Jonathan Leonard Aiello

Personal information
- Full name: Jonathan Leonard Aiello
- Born: July 13, 1998 (age 28) Centreville, Virginia, U.S.
- Weight: 97 kg (214 lb)

Sport
- Country: United States
- Sport: Wrestling
- Events: Folkstyle and Freestyle
- College team: Virginia
- Club: Ohio Regional Training Center
- Coached by: Steve Garland

Achievements and titles
- Highest world ranking: 18

Medal record
Men's freestyle wrestling
Representing the United States
Grand Prix
| Gold medal – first place | 2022 Warsaw | 92 kg |
| Gold medal – first place | 2024 Taraz | 97 kg |
| Silver medal – second place | 2023 Henri Deglane | 92 kg |
| Silver medal – second place | 2024 Yasar Dogu | 97kg |
| Bronze medal – third place | 2025 Zagreb | 97 kg |
| Bronze medal – third place | 2025 Budapest | 97 kg |
U23 World Championships
| Bronze medal – third place | 2021 Belgrade | 97 kg |

= Jonathan Aiello =

American freestyle wrestler

Jonathan "Jay" Aiello is an American freestyle wrestler who has represented the United States on both the U23 and Senior Level. His most notable finish is capturing a bronze medal at the 2021 U23 World Wrestling Championships in Belgrade, at the 97 kg. He is Currently training as a part of the Ohio Regional Training Center and competing at 97 kg.

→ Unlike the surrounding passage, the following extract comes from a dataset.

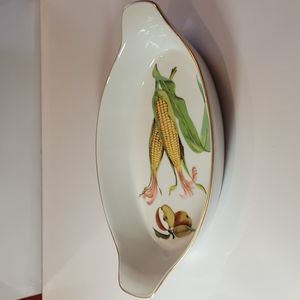 13.3/4"-Royal worcester evesham gold oval baker dish
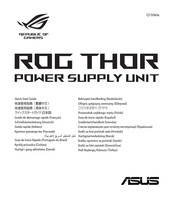 Asus Republic of Gamers ROG Thor-850P Guide De Démarrage Rapide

Over the past few years he has recorded notable victories over world medalists, including over 2023 92 kg World Champion Rizabek Aitmukhan at the 2024 Kunayev Tournament held in Taraz, Kazakhstan.

== Career ==
=== High school ===
Aiello excelled as a multiple sport athlete for Westfield High School, being named to the Washington Post All-Metro area football and wrestling teams his senior year 2015-2016. He won the 2016 Virginia Class 6A 195-pound wrestling state championship as a senior. Aiello was also named the Virginia Class 6A player of the year in football.

=== College ===
Aiello was a five-year starter for the University of Virginia wrestling team, competing in the 197-pound weight class. His collegiate career was highlighted by a 2020 NWCA First-team All-American Honor and a 2020 ACC Championship at 197-pounds.

== Freestyle career ==
Aiello is a two time U.S. National Team member, having represented the United States on the senior level multiple times.

===U23===
====2021====
Aiello made his international freestyle debut at the 2021 U23 World Wrestling Championships where won a bronze medal in the 97 kg division. During the tournament he recorded a win over Feyzullah Aktürk, a Senior World Bronze Medalist in 2023.

===Senior===
====2022====
Coming off of his bronze medal in Serbia, Aiello competed to claim a world team spot at 92 kg, coming up short placing 3rd at the 2022 US World Team Trials. His third-place finished earned him any opportunity to claim a National Team slot at Final X by wrestling for true third against Isaac Trumble. Aiello prevailed in the bout winning 8–6 to make the US National Team. Later in the year he would compete at the 2022 Poland Open winning the tournament with a win over, Andriy Vlasov, who had placed 5th at the 2021 World Wrestling Championships.

====2023====
Aiello competed in the Grand Prix de France Henri Deglane 2023, placing 2nd with a lone loss to fellow American Eric Shultz Jr. He also competed at the 2023 Grand Prix Zagreb Open, failing to place, suffering losses to multiple time senior world medalist Osman Nurmagomedov and another American, Kollin Moore.
Later in the year Aiello would once again compete to make a US senior world team, this time coming up short and failing to make the medal stand. Aiello would finish the year capturing a third-place finish at the 2023 US Senior Nationals.

====2024====
Aiello started the year off capturing a silver medal at the 2024 Yasar Dogu Tournament, recording wins over Ertuğrul Ağca and Radu Lefter, but ultimately losing in the finals to the reigning World Champion at 97 kg champion, Akhmed Tazhudinov at the Yasar Dogu.
Aiello then competed at the Olympic Team Trials recording a win over 2018 NCAA Champion Michael Macchiavello, but ultimately failed to make the medal stand. Aiello competed next at the 2024 Bill Farrell Memorial International Tournament, placing third.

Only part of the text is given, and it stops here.